• Social engineering is manipulating people into doing something they would not normally do, by taking advantage of their trust.

• Blagging (pretexting), usually done on the phone, but can be done face to face.
• The criminal invents a scenario to persuade people to hand over information they would not normally do.

We think your bank account has been hacked, to prevent your money being lost we need to reset your login details urgently.
What is your username?
What is your insecure password, we will reset for you?"

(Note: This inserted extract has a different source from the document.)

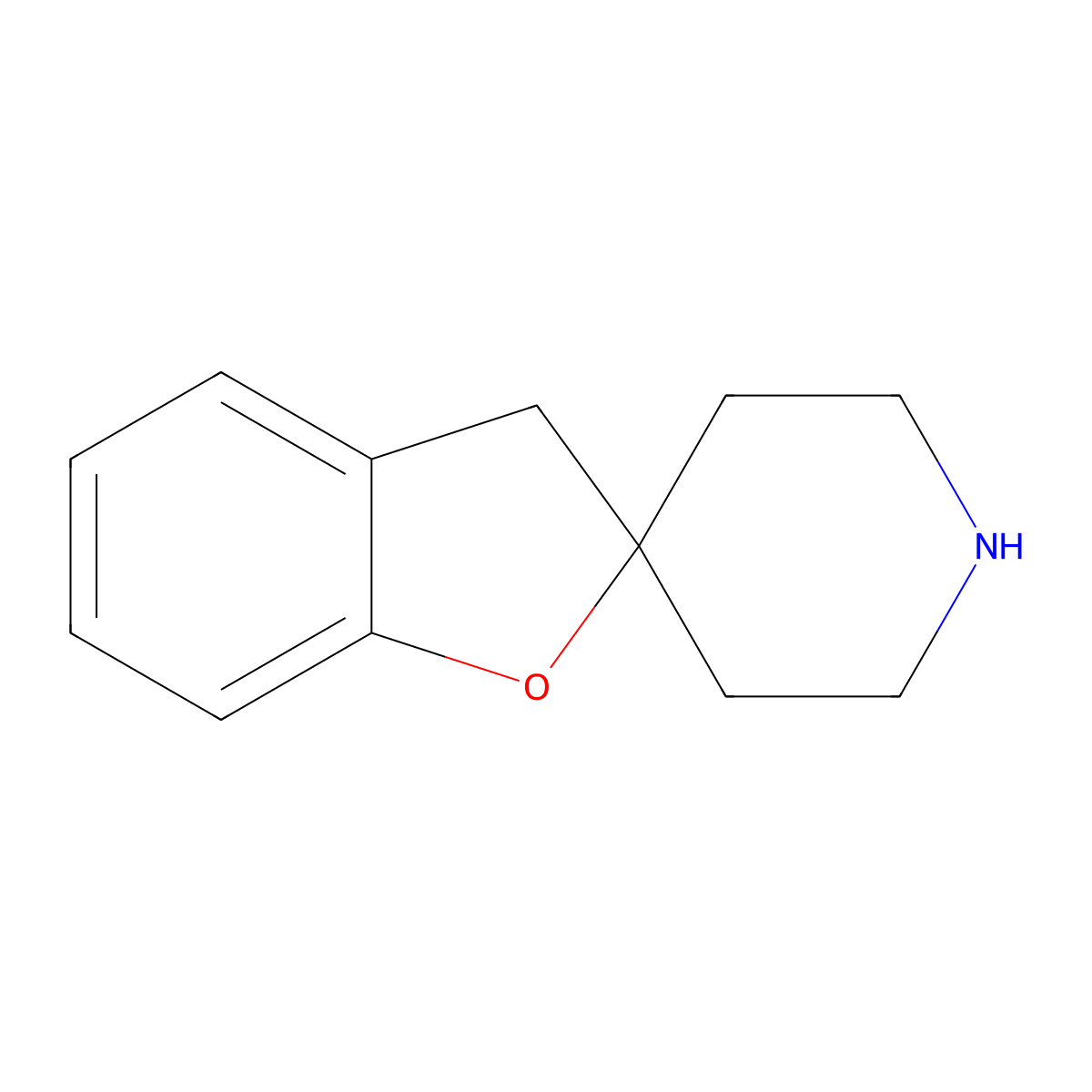 3H-Spiro(1-benzofuran-2,4'-piperidine) molecular structure, CAS 71916-73-9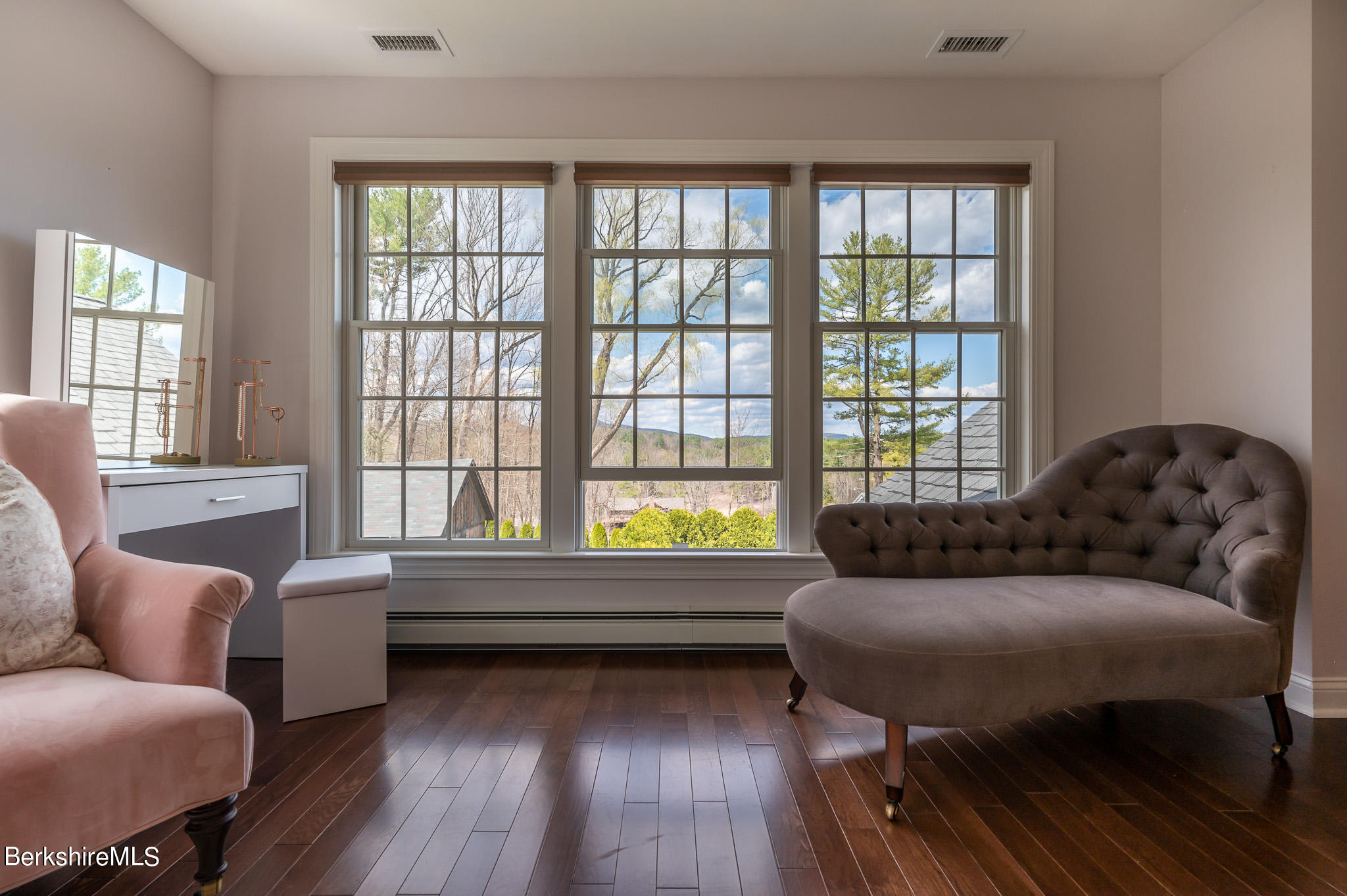 8 Castle Hill Road Stockbridge, MA 01262 - Photo 24 of 46 a living room with furniture and a large window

• Phishing uses fake emails, SMS (short message service), or websites to trick people into handing over sensitive data.
• Usually made to look like the message/site has come from a bank, e-commerce site or email provider.
• Clicking on a link will usually take you to a fake version of the website and capture your login details.

• Shouldering (shoulder surfing) is where someone watches you entering login details, passwords, PINs
• This could be by looking over your shoulder, or even using recording equipment (i.e. cameras)
• This is why people are encouraged to enter PINs whilst covering their hand with their other hand.
• This is also why passwords appear on screen as ************

1. Education, making users aware of the methods of social engineering and how to reduce the risks.
2. Checking emails are genuine, checking the email address.
3. Looking out for typing errors or poor grammar, this might indicate the email is not authentic.
4. If possible, verify the email is legitimate using another communication method.

5. Avoid clicking on a link to a website, go to the website directly using a separate browser.
6. Never download from a source you don't know or trust.
7. Cover your hand when typing a PIN.
8. Never give out your PIN/password to another person.